= Mari-Jo P. Ruiz =

Filipina mathematician

Mari-Jo P. Ruiz (1943–2022) was a Filipina mathematician and professor of mathematics at Ateneo de Manila University.
Ruiz specialized in graph theory and operations research.

==Education and career==
Ruiz grew up in Manila, and was educated at College of the Holy Spirit Manila. She graduated from Marymount Manhattan College in New York City in 1963, and soon afterward completed a master's degree at New York University. She joined the Ateneo de Manila faculty in 1965, eight years before the school began accepting women as students.
She chose academia over a competing job offer from industry because at the time it paid slightly better. She acquired the nickname "Mustang Mary" at this time, because of the Ford Mustang that she drove.

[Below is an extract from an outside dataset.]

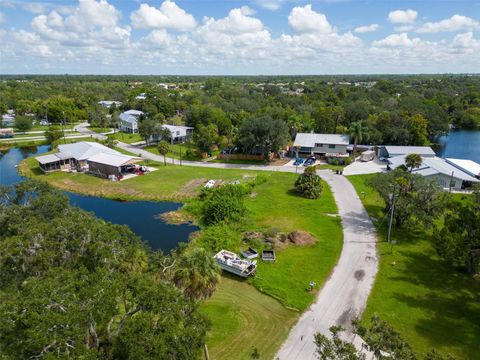 A home in BRADENTON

Ruiz completed her PhD at Ateneo in 1981.
At Ateneo, she served as chair of mathematics, chair of management engineering, dean of arts and sciences, and trustee. She retired to become a professor emeritus in 2009. She died on 29 December 2022 at the age of 79.

==Book==
With Jin Akiyama, she was the author of the book A Day’s Adventure in Math Wonderland (World Scientific, 2008; translated into 7 other languages).

==Recognition==
The College of the Holy Spirit Alumnae Foundation gave Ruiz their Distinguished Alumna in Education Award in 2001.
In 2014, Ateneo gave Ruiz their Lux-in-Domino Award.